| Work instruction |
Every line of the records counts; transcribe each one exactly.

| Provided records |
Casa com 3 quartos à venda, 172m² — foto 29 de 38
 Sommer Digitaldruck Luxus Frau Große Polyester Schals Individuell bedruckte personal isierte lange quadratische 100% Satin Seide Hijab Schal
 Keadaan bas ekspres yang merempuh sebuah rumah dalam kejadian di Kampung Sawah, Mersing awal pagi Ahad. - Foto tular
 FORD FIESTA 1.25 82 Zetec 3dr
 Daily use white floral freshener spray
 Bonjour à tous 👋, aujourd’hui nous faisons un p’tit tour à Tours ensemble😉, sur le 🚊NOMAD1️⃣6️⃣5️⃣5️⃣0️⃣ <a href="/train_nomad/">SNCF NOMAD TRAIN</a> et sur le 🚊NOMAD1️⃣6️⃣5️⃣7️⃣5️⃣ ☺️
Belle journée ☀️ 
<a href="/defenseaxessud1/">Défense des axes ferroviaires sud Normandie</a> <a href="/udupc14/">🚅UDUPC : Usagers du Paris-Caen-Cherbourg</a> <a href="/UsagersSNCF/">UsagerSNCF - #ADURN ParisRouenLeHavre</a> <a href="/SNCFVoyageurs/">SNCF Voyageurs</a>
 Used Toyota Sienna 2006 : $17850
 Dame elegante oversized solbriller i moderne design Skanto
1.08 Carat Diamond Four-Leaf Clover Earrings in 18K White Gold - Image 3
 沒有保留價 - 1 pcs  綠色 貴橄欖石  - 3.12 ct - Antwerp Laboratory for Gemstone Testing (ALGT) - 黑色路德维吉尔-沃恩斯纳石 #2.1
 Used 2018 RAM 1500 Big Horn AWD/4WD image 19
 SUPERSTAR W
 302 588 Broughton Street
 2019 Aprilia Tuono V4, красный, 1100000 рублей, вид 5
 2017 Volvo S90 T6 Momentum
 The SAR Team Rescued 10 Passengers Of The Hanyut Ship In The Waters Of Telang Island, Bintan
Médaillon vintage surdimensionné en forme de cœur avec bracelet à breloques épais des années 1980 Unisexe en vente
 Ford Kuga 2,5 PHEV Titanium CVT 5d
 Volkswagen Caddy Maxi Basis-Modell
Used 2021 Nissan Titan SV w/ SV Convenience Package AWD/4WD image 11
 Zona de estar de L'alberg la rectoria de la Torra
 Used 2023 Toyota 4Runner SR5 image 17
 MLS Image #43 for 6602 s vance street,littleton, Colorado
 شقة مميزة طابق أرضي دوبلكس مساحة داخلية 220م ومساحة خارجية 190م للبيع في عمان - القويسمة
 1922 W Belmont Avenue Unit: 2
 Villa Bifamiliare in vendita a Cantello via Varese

| Completed exercise |
Casa com 3 quartos à venda, 172m² — foto 29 de 38
 Sommer Digitaldruck Luxus Frau Große Polyester Schals Individuell bedruckte personal isierte lange quadratische 100% Satin Seide Hijab Schal
 Keadaan bas ekspres yang merempuh sebuah rumah dalam kejadian di Kampung Sawah, Mersing awal pagi Ahad. - Foto tular
 FORD FIESTA 1.25 82 Zetec 3dr
 Daily use white floral freshener spray
 Bonjour à tous 👋, aujourd’hui nous faisons un p’tit tour à Tours ensemble😉, sur le 🚊NOMAD1️⃣6️⃣5️⃣5️⃣0️⃣ <a href="/train_nomad/">SNCF NOMAD TRAIN</a> et sur le 🚊NOMAD1️⃣6️⃣5️⃣7️⃣5️⃣ ☺️
Belle journée ☀️ 
<a href="/defenseaxessud1/">Défense des axes ferroviaires sud Normandie</a> <a href="/udupc14/">🚅UDUPC : Usagers du Paris-Caen-Cherbourg</a> <a href="/UsagersSNCF/">UsagerSNCF - #ADURN ParisRouenLeHavre</a> <a href="/SNCFVoyageurs/">SNCF Voyageurs</a>
 Used Toyota Sienna 2006 : $17850
 Dame elegante oversized solbriller i moderne design Skanto
1.08 Carat Diamond Four-Leaf Clover Earrings in 18K White Gold - Image 3
 沒有保留價 - 1 pcs  綠色 貴橄欖石  - 3.12 ct - Antwerp Laboratory for Gemstone Testing (ALGT) - 黑色路德维吉尔-沃恩斯纳石 #2.1
 Used 2018 RAM 1500 Big Horn AWD/4WD image 19
 SUPERSTAR W
 302 588 Broughton Street
 2019 Aprilia Tuono V4, красный, 1100000 рублей, вид 5
 2017 Volvo S90 T6 Momentum
 The SAR Team Rescued 10 Passengers Of The Hanyut Ship In The Waters Of Telang Island, Bintan
Médaillon vintage surdimensionné en forme de cœur avec bracelet à breloques épais des années 1980 Unisexe en vente
 Ford Kuga 2,5 PHEV Titanium CVT 5d
 Volkswagen Caddy Maxi Basis-Modell
Used 2021 Nissan Titan SV w/ SV Convenience Package AWD/4WD image 11
 Zona de estar de L'alberg la rectoria de la Torra
 Used 2023 Toyota 4Runner SR5 image 17
 MLS Image #43 for 6602 s vance street,littleton, Colorado
 شقة مميزة طابق أرضي دوبلكس مساحة داخلية 220م ومساحة خارجية 190م للبيع في عمان - القويسمة
 1922 W Belmont Avenue Unit: 2
 Villa Bifamiliare in vendita a Cantello via Varese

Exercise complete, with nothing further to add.